[Date Prev][Date Next][Thread Prev][Thread Next][Date Index][Thread Index]

Re: tech: logic matters



Lojbab writes:

   Why do you think a committe would lead to the resolution of
   personal differences.  Most committees have exactly the opposite
   effect and enhance suhc differences.

*snicker*.  From many years experience on the IEEE Design Automation
Standards Committee, I can guarantee that this is the case.

Permit me to make some general observations on management by design
committee versus management by large body consensus, drawn from
experience both in the IEEE standards arena and from watching the
operation of a Quaker meeting for more than twenty years.

Management by large body consensus tends to the conservative in
official pronouncements, and towards a vague, anarchic "groundswell"
in action.  I remember one particular case in the Quaker meeting,
about having the meeting sanction marriage between homosexuals (note:
the following makes no statement *at* *all* about whether this is good
or bad --- it is intended as an example of interaction.  I suspect
that this would be clearer in Lojban than in English).

One homosexual couple came to the meeting and requested that the
meeting sanction their marriage to each other, and that they be
"married under the care of the meeting" (the official Quaker phrase).
This caused a good deal of discussion and consternation.  As the
discussion wore on (over *months*), it became clear that the vast
majority of the meeting was in favor, but that two or three people
were, in all good conscience, fundamentally opposed.  The result was
that there was no official sanction.  However, a meeting was held in
which the two participants stood and expressed their love and intent
to live together, in fidelity and monogamy, and in which the other
members of the meeting stood and expressed their support and
appreciation (this is exactly the form of a Quaker marriage).
Afterwards they were treated by the members of the meeting as a
married couple in all respects (right down to a single entry in the
meeting directory).  Thus: no "official" sanction, but everyone did
what the vast majority wanted.

I contrast this with the recent re-standardization of the VHDL
language (a computer language for digital design) within the DASC.
This was accomplished by the VHDL Analysis and Standardization Group
(VASG), which has the approximate status of the "academy" under
discussion here.  It analyzes the issues (usually in subcommittee ---
the group is quite large), and puts out a new standard for ballot.
The ballot standards are quite severe --- any IEEE member may
participate, and notice of the ballot must be distributed as widely as
possible.  Of distributed ballots, 75% must be returned, and of those
75% must be in favor (a "supermajority" by any definition).
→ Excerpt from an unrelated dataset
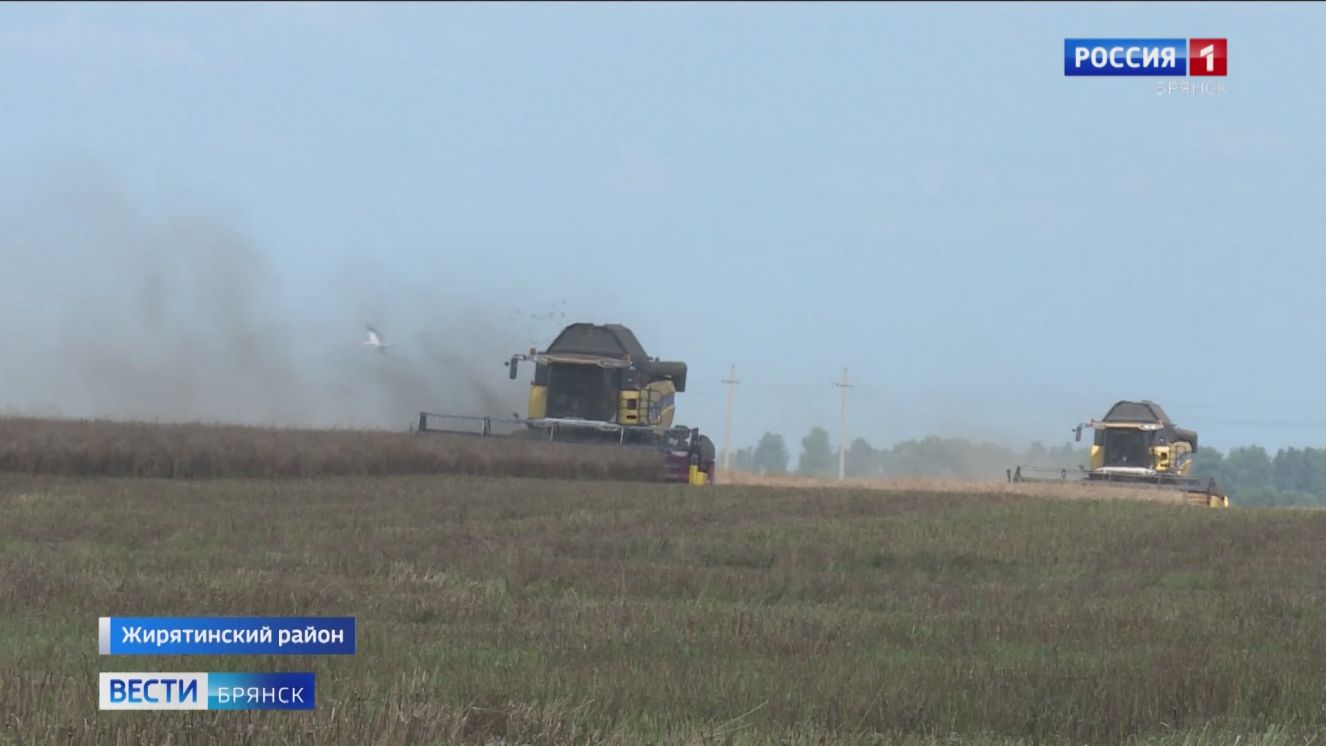 Брянщина лидирует в России по урожайности рапса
The restandardization effort included a large number of proposed
changes (by coincidence, restandardization in the IEEE occurs every
five years).  The changes finally included in the language were,
measured against the scope of those proposed, extremely conservative.
The process was highly political, and many of the votes were close.
The final result was overwhelmingly approved by ballot, and the new
standard was in place by 1993.

The result?  *No* vendor has completely moved to the new version of
the language.  That's right, *none*.  Some of them have instituted
some of the changes, and some experimental versions exist; however,
three years later (and two years from the next re-standardization
effort) there is virtually no support for the changed language.  The
community as a whole still uses the 1987 version of VHDL.  Vendors say
the demand for the new language does not justify their investment in
upgrading their tools.  Some have announced plans (some announced
plans almost immediately), but they keep on getting put off.
Preliminary discussion for the 1998 restandardization centers around
simplification, so that vendors will be more apt to move to the newer
version.  And VHDL continues to grow; however, because different
versions implement different parts of the *new* language, portability
is degraded.

Now, the lesson of this is not that consensus is good and that a
standardization committee (academy) is bad.  It is that you need to
select the process that fits your needs.  Consensus would have never
created the VHDL standard in the first place (in spite of the entire
community crying out for a standard of some sort), and I belive that
the new restandardization is likely to be closer to the mark.  The
question is, which of these cases best fits the needs of Lojban.

In my opinion (and only my opinion), the consensus approach is better
for our purposes.  If we start from a solid baseline (I may be new,
but from what I have read in the reference grammar, the present
baseline qualifies), then we *want* official pronouncements to be
conservative, but groundswell changes to be applied.  For one thing, a
conservative official corpus gives people an unmoving target to aim at
for teaching and learning.  And asking for groundswell for changes
means that more people will be speaking the language, and that changes
will reflect the needs of the *speakers*, not the language design
committee (academy).  It seems to me that these are the
characteristics we want out of a change process for Lojban.

All of the above is my own opinion only, as a newcomer to the
community.  Please regard it as such.